━━ Supplied entries ━━
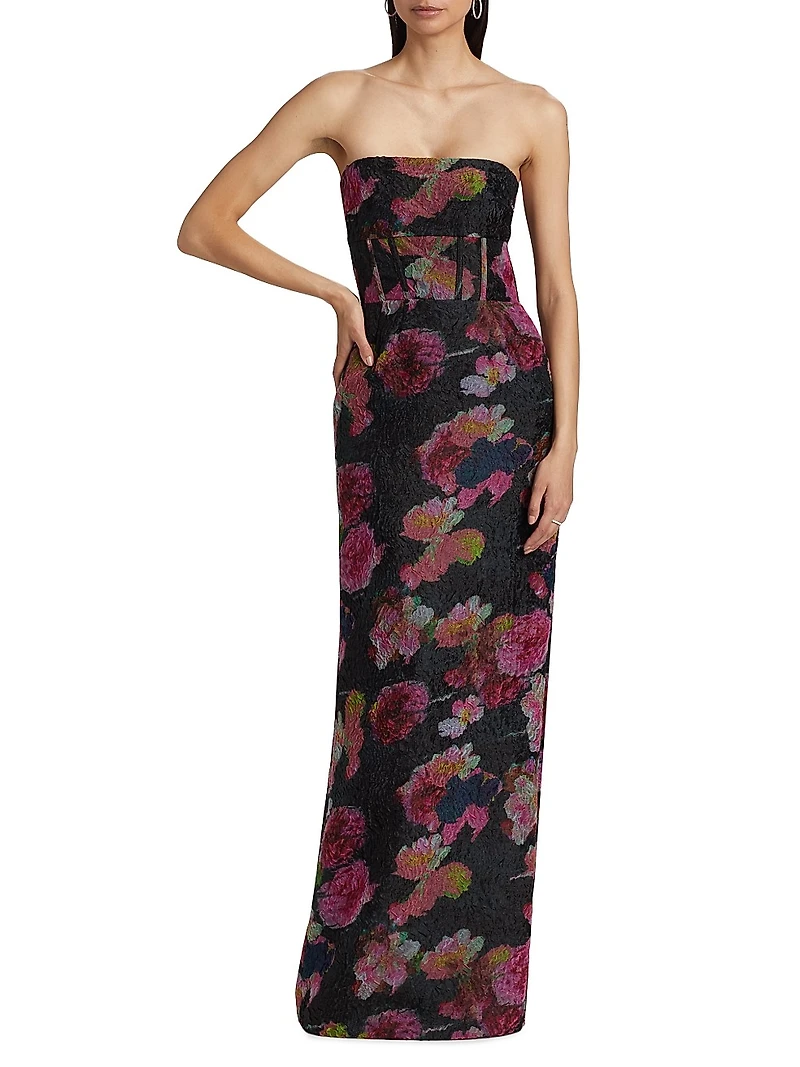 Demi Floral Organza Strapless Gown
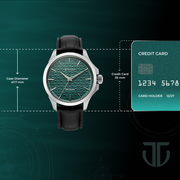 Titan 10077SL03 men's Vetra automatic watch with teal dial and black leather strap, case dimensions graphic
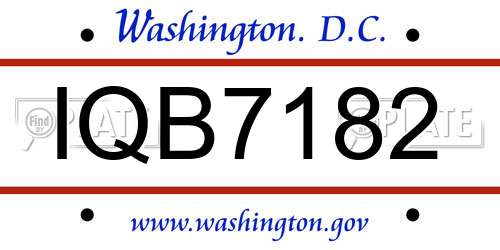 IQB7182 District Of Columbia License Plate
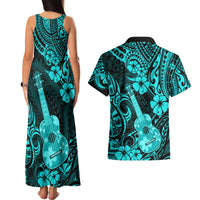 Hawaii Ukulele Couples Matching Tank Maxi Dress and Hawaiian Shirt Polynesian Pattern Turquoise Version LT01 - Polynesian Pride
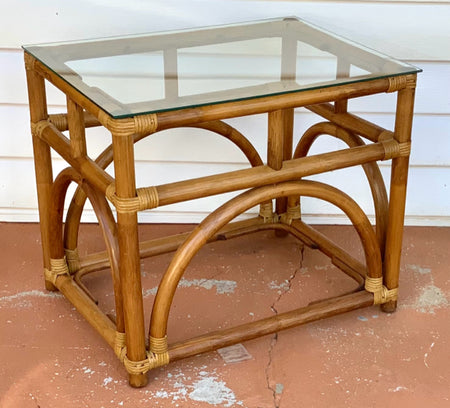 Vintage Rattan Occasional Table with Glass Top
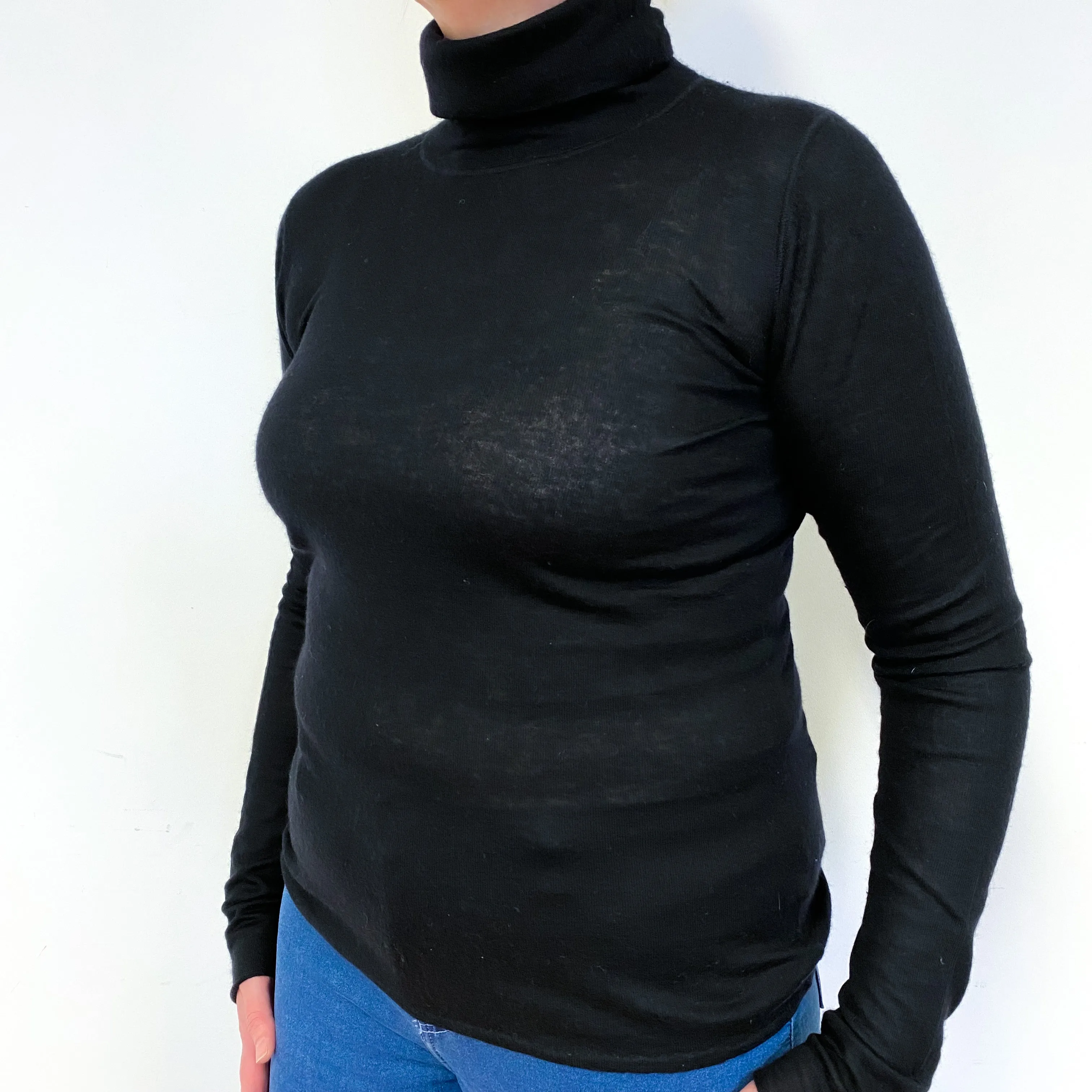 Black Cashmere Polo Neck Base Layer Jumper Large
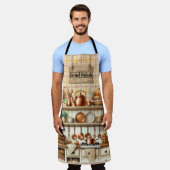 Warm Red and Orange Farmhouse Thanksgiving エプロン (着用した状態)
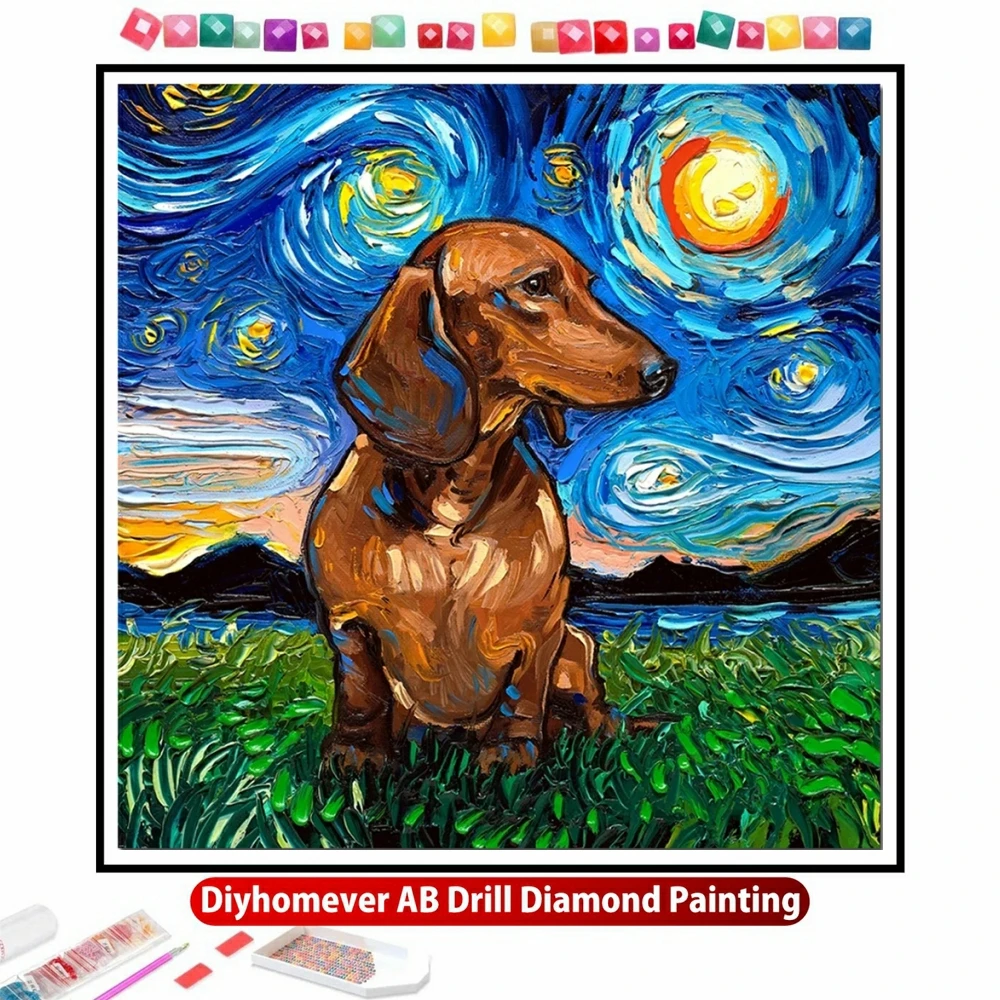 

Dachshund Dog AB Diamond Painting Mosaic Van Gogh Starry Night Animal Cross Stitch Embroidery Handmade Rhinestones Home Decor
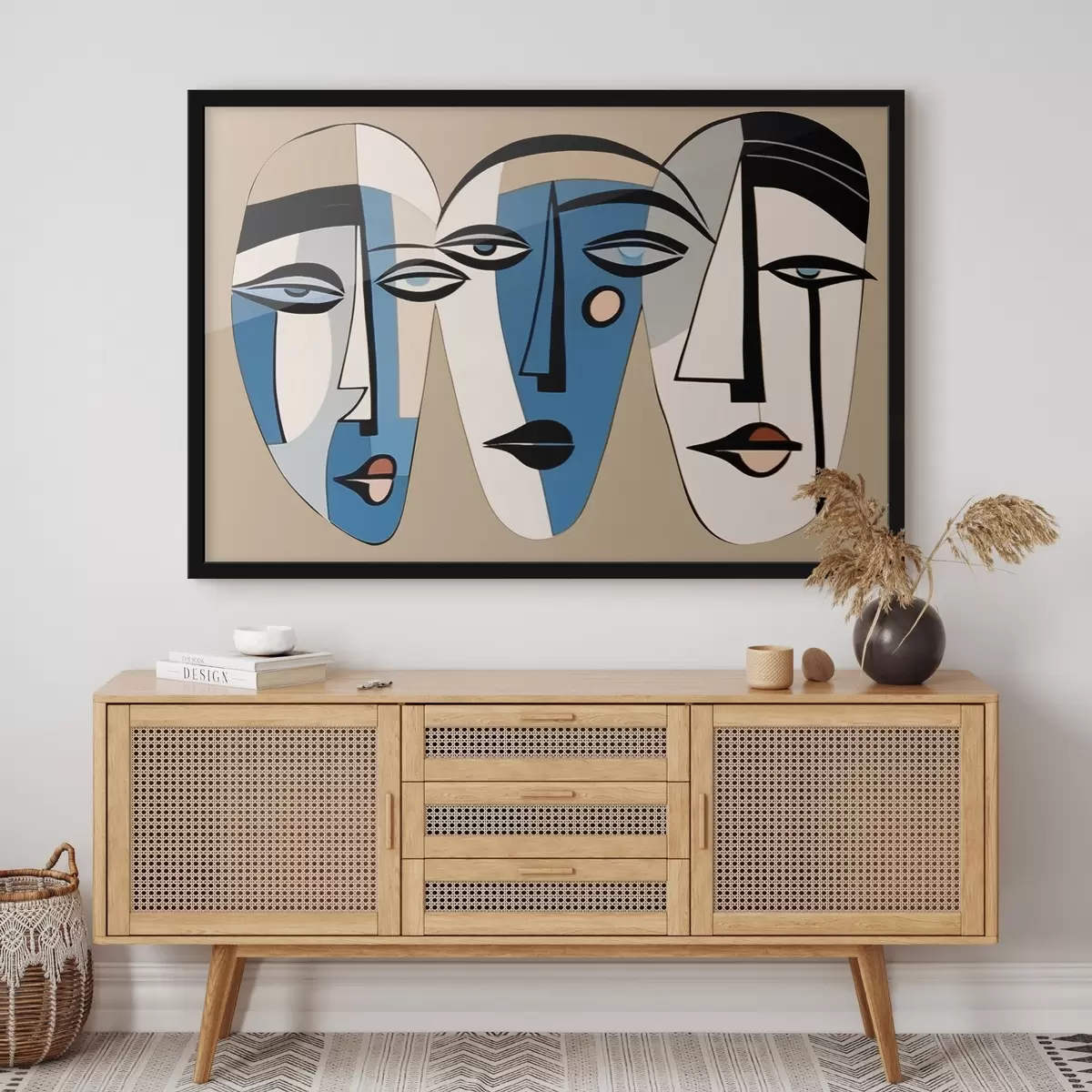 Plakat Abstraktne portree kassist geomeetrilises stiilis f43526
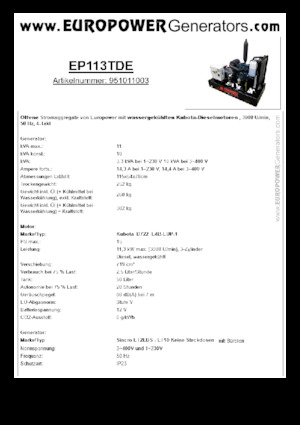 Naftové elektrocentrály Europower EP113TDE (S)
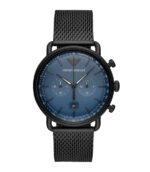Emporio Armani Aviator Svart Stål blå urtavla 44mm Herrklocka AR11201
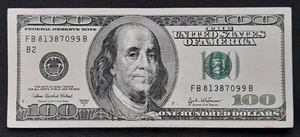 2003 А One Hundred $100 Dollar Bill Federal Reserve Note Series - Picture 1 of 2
━━━
* **What you will do**:
Starting at the line above that has "Black Cashmere Polo" and ending at the line that has "Plakat Abstraktne portree", copy each line exactly, leaving the pictures out and adding nothing.

* **Solution for this problem**:
 Black Cashmere Polo Neck Base Layer Jumper Large
 Warm Red and Orange Farmhouse Thanksgiving エプロン (着用した状態)

Dachshund Dog AB Diamond Painting Mosaic Van Gogh Starry Night Animal Cross Stitch Embroidery Handmade Rhinestones Home Decor
 Plakat Abstraktne portree kassist geomeetrilises stiilis f43526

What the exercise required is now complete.